■ TASK INSTRUCTIONS ■
Write out, please, each line from the one containing "A nyelvi ideológiák" to the final line of the data, both included, exactly and without pictures.

■ INFORMATION SHOWN ■
──────────────────────────────

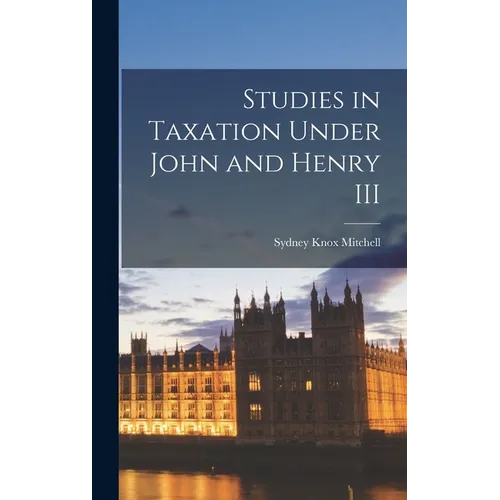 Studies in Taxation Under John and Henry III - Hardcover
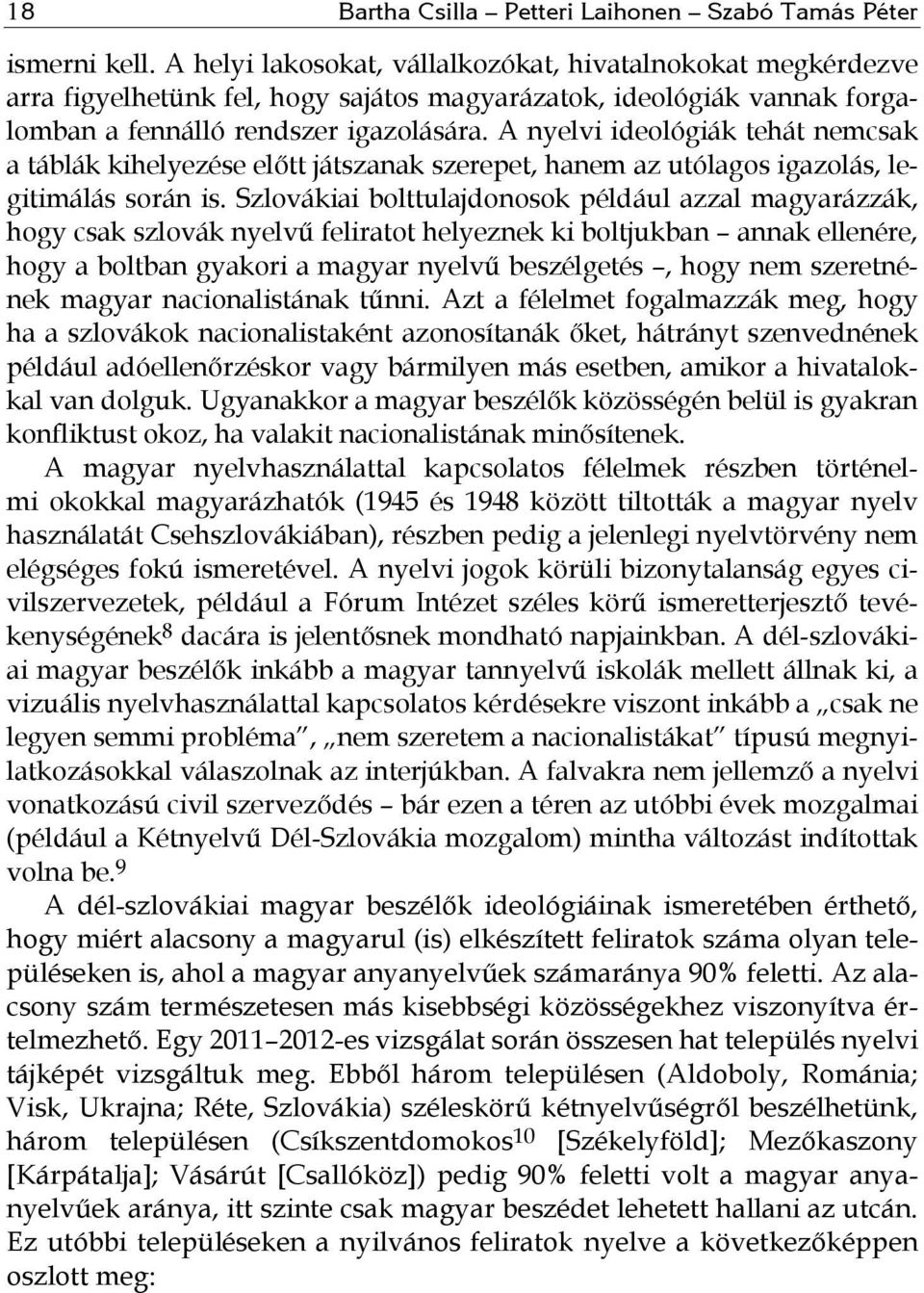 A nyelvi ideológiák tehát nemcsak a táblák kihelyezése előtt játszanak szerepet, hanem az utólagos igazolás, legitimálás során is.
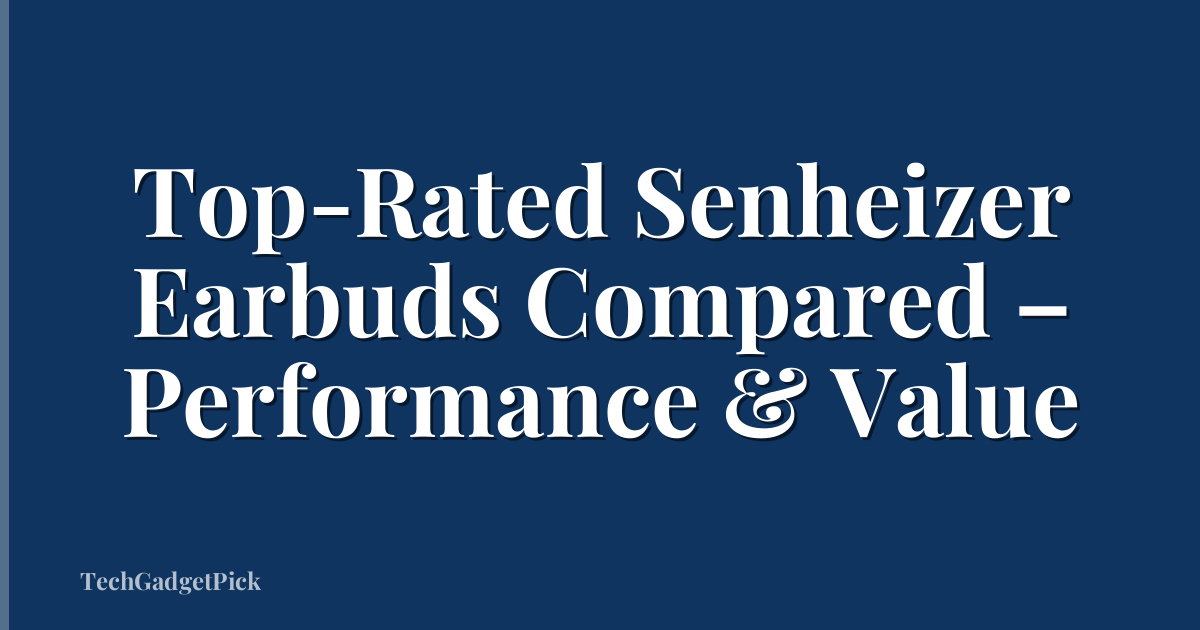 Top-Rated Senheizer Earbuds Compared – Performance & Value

──────────────────────────────

■ WORKED SOLUTION ■
 A nyelvi ideológiák tehát nemcsak a táblák kihelyezése előtt játszanak szerepet, hanem az utólagos igazolás, legitimálás során is.
 Top-Rated Senheizer Earbuds Compared – Performance & Value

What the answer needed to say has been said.